What is Data Blending?

 
Data Blending is different from data integration, because it’s about solving a specific use case, whereas data integration typically gives you a single source of truth and stores it in a data warehouse for people to access.

In traditional data integration processes, also known as extract, transform and load (ETL) processes, data is extracted from multiple databases, transformed into a normalized format for analysis and loaded into a data warehouse where business analysts can slice and dice it with OLAP Tools like for example Microstrategy or IBM Cognos.

Data Blending
Data blending is the process of collecting data from multiple sources and merging it into one easily consumable dataset for further analysis. The goal is to extract valuable information to help for example leaders to make better decisions.

 

The problem with this approach is that the IT department, rather than business analysts, is in charge of the ETL process. This setup ensures that ETL is industrialized, scheduled and centrally governed. But what happens if an analyst needs to combine data sources as quickly as possible? IT can’t invent and execute a new ETL process every time an analyst needs to combine data sources. There is not much flexibility left in a tightly packed roadmap or Program Increment (PI) planning.

Figure

Typical ETL process

 

So what are the alternatives for the business analyst to achieve his goals within the set deadlines?

 

Learning the right thing

 
I remember years ago when a friend of mine took a training course in Visual Basic for Applications (VBA). He wanted to improve his programming skills to get things done faster. He spent 5 days and about 3000 euros to learn the basics of this scripting language.

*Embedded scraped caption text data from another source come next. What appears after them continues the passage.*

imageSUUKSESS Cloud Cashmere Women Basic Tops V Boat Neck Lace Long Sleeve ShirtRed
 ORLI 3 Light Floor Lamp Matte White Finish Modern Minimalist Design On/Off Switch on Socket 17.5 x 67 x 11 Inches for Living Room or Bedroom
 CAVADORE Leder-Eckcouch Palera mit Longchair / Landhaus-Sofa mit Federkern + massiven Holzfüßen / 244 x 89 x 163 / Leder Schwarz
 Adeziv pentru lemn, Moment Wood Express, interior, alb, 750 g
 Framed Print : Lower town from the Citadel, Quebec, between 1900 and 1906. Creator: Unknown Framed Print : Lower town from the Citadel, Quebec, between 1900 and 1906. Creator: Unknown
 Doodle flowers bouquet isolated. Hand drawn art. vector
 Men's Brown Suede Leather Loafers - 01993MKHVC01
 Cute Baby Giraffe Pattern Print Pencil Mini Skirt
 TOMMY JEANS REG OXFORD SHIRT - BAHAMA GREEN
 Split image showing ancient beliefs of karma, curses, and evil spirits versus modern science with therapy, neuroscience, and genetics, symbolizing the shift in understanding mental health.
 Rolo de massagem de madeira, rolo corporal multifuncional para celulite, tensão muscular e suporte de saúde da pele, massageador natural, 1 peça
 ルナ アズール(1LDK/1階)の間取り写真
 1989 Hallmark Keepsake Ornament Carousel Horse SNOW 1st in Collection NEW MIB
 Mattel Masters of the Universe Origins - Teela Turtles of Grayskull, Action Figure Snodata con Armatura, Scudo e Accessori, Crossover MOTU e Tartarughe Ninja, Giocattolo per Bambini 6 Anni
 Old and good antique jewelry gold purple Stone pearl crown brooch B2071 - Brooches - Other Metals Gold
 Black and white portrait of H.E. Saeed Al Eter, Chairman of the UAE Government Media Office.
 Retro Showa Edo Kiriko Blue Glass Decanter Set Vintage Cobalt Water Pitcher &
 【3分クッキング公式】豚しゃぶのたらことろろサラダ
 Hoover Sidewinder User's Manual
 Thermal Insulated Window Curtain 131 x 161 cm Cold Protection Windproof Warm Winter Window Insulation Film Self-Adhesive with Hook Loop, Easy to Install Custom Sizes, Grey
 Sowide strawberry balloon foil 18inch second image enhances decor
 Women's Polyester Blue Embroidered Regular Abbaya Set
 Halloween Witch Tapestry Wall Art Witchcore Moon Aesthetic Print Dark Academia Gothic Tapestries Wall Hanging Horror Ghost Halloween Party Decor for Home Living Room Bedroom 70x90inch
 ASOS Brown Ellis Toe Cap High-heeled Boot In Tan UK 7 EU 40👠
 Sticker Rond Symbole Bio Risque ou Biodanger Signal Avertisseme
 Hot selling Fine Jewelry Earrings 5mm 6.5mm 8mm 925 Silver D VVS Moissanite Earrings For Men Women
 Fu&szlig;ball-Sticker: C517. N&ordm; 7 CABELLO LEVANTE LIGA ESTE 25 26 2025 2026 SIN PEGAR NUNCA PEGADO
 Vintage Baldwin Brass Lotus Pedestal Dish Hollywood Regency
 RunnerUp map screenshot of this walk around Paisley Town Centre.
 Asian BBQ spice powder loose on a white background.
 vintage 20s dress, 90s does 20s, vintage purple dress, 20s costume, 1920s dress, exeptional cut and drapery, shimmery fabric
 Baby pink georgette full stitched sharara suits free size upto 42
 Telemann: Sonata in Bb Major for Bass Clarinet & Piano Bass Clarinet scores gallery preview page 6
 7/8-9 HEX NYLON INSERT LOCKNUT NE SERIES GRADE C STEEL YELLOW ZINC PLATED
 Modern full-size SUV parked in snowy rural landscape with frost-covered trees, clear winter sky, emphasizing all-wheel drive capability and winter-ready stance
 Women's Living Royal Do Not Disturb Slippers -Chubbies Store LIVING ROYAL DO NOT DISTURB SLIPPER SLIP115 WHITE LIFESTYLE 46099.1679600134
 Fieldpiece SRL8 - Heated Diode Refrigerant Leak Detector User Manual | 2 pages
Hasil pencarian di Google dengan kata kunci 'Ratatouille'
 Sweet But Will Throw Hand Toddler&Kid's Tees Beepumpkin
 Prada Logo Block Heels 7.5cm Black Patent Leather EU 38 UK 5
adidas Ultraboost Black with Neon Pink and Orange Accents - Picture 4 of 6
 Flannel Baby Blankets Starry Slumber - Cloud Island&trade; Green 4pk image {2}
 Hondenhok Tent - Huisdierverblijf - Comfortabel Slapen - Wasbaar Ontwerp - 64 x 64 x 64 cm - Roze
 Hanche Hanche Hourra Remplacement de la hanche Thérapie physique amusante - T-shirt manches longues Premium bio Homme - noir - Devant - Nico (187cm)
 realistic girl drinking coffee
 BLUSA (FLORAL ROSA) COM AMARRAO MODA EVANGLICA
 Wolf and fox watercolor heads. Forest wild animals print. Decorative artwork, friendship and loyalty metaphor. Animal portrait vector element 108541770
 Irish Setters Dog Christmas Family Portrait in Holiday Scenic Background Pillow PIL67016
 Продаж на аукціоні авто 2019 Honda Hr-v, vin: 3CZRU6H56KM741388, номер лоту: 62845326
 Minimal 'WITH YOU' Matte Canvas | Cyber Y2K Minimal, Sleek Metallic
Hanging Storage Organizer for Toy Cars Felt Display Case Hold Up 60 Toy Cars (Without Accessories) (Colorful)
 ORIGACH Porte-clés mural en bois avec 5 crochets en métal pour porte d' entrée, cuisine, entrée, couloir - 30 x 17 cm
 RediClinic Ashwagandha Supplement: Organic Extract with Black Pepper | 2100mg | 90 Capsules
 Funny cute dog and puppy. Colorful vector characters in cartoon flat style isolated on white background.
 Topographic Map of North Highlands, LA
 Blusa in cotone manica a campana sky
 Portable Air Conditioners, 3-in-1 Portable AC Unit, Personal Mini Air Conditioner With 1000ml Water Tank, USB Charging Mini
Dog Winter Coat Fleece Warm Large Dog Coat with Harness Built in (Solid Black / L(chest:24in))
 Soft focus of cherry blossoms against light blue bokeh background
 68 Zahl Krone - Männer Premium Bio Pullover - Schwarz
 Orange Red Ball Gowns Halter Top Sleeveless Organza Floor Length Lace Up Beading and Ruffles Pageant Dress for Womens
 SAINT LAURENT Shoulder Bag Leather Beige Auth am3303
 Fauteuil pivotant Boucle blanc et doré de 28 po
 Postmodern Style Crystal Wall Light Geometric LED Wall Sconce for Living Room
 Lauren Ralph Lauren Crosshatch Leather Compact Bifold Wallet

Was he faster at solving his data blending tasks afterwards? — No at all! Instead, he sank into self-doubt and frustration and his problems were still not solved at all.
Therefore he asked me if I could support him with VBA. At the first moment I tried, but then I suggested him to try KNIME. His unit didn’t have the budget to buy a SAS or SPSS modeler license and KNIME was the next best alternative since it was also open source.

Starting over again without taking a class seemed like an impossible challenge to him. But after only a week he managed to solve his task.

He proudly showed me his solution and from that moment on his work pace changed completely.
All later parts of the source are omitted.